Topps RCs to Collect
The NFC North is more than just a division of fierce football competition; it’s a tapestry of cities, each teeming with rich traditions and legendary players. Chicago, defined by its commanding skyline and deep-dish pizzas, is home to Bears fans as relentless as the Lake Michigan winds. Green Bay, though quaint in size, houses the immense legacy of the Packers, where Cheeseheads treasure every rookie card that encapsulates Wisconsin’s dairy-clad dedication. Minneapolis, with its tranquil lakes and vibrant arts, radiates in purple and gold. Meanwhile, Detroit, the indomitable Motor City, has Lions enthusiasts who hunt for those rookie cards that mirror the city’s spirit of resurgence. As we delve deeper, this list aims to spotlight the most coveted rookie cards from legends of each NFC North team.

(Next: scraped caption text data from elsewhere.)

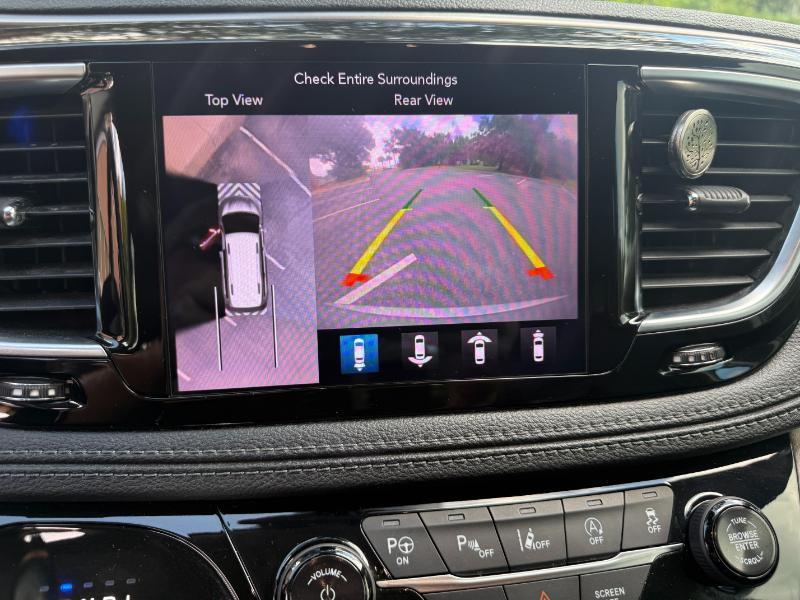Chrysler Pacifica  2018
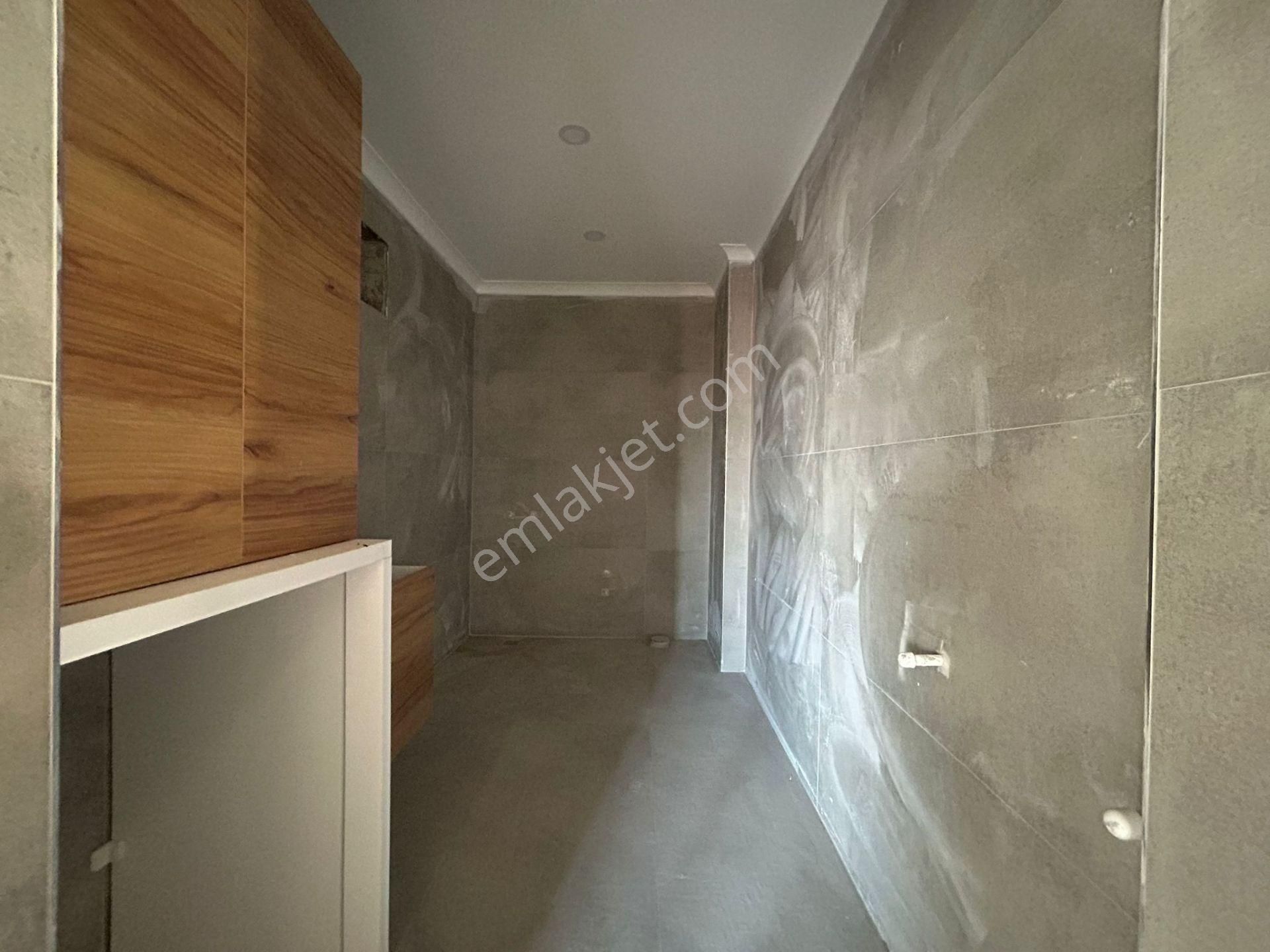Yükselden Satılık Kadıköyde Ön Cephe Arakat Panoramik Manzaralı 2+1daire - Görsel 8
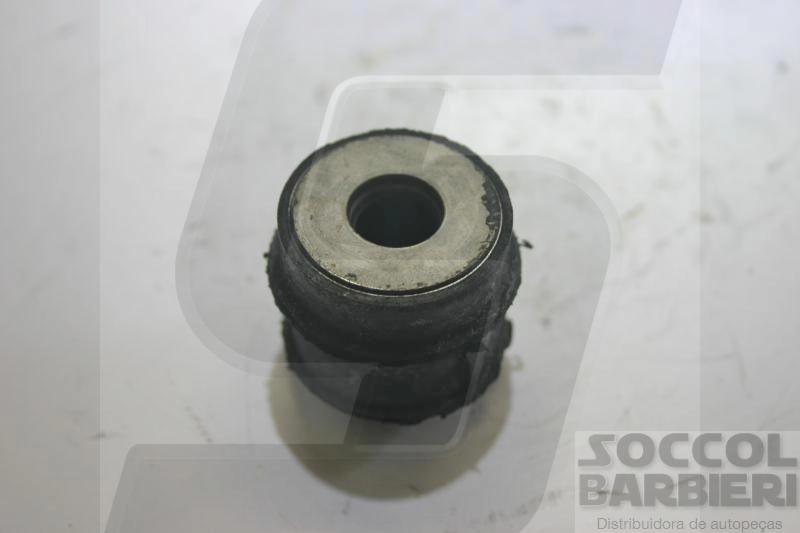 COXIM ESCAPAMENTO VW GOL/VOYAGE/PASSAT - SUPORTE DIANTEIRO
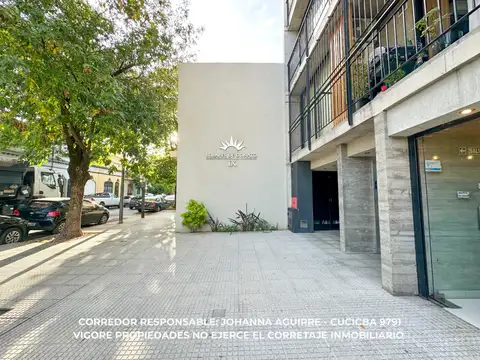 Av. Escalada 228 100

1976 Topps #148 Walter Payton RC
Given the Bears’ storied history, several names could’ve appeared on this list. But we chose Payton aka Sweetness, an electric ball carrier who retired as American pro football’s all-time leader in rushing (16,726) — Emmitt Smith has since broken his record. Throughout an illustrious career in The Windy City, the Jackson State product twisted defenders like a pretzel, breakin’ ankles and hearts of opposing fans while totaling 10 seasons with at least 1,000 rushing yards and leading Da Bears to a Super Bowl title in 1985. The nine-time Pro Bowl selection and Hall of Famer also built a reputation for his generosity off the field, which spawned the Walter Payton Man of the Year award, honoring players’ commitment to philanthropy and community impact.

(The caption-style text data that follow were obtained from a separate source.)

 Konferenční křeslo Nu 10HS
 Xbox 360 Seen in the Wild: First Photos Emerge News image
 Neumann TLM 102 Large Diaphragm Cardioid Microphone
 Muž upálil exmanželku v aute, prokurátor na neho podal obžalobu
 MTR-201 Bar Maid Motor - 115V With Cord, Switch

1988 Topps #A1 Randy Moss RC Auto
While Adrian Peterson could’ve easily made this list due to his sheer prowess as a ball carrier, consider this: How many athletes can boast that their last name morphed into a widely-recognized catchphrase? Outside of “Moss’d,” it’s hard to find another instance in sports where a surname has epitomized sheer dominance on the field. A magician in aerial duels and one of the most elusive receivers to ever grace the gridiron, Moss torched secondaries, out-running and out-jumping his adversaries on his way to 15,292 receiving yards and 156 touchdown grabs — second in league history. Remember those days of playing “Jackpot,” running around trying to “Moss” the homies. Oh, sweet memories.
1989 Topps Traded #83T Barry Sanders RC
Sanders retired with a full tank left in the Ferrari. And yes, he was the Ferrari. The tailback with the V-12 engine might’ve bested Walter Payton’s record for most career rushing yards had he continued shaking defenders out of their cleats. However, he had already accomplished more than most when the Oklahoma State product decided to hang em’ up. The human jitterbug earned Pro Bowl honors and topped 1,000 rushing yards in each of his 10 seasons — the only tailback in league history to do so. He also set marks for most outings with at least 150 yards via ground (10), campaigns with at least 1,500 rushing yards (five), and is one of eight players to have topped 2,000 rushing yards in a season.
Green Bay Packers
2005 Bowman Chrome® #221 Aaron Rodgers /199 Auto RC
Rodgers indulges in several conspiracies and may or may not have seen a UFO once upon a time. But when discussing his career, we can keep it at straight facts. After sliding to the back half of the first round of the 2005 draft and waiting a few seasons behind Hall of Famer Brett Favre, football’s “A-Rod” took over the reins of the Packers franchise and built a legacy of his own, winning not one, not two, not three but four MVPs and a Super Bowl. Though he now flies with the Jets, despite a miserable injury to start the 2023 campaign, Rodgers already has his ticket to Canton punched. We can’t predict if New York will make the playoffs, but wouldn’t it be cool if he returned from an Achilles injury in the same season?
PS: A print run of 199 makes this well worth the chase. Happy hunting!
Baddest in the Game: NFC North
1966 Topps #31 Dick Butkus
Butkus wasn’t just any old linebacker. He was THE linebacker. Often heralded as the gold standard at his position, the Bears’ enforcer set a fearsome tone that legends like Mike Singletary, Ray Lewis, and Patrick Willis would follow. His list of accolades is as intimidating as his game: 8-time Pro Bowler, 2-time NFL Defensive Player of the Year, and a memorable game in 1969 where he snagged three interceptions against the Redskins.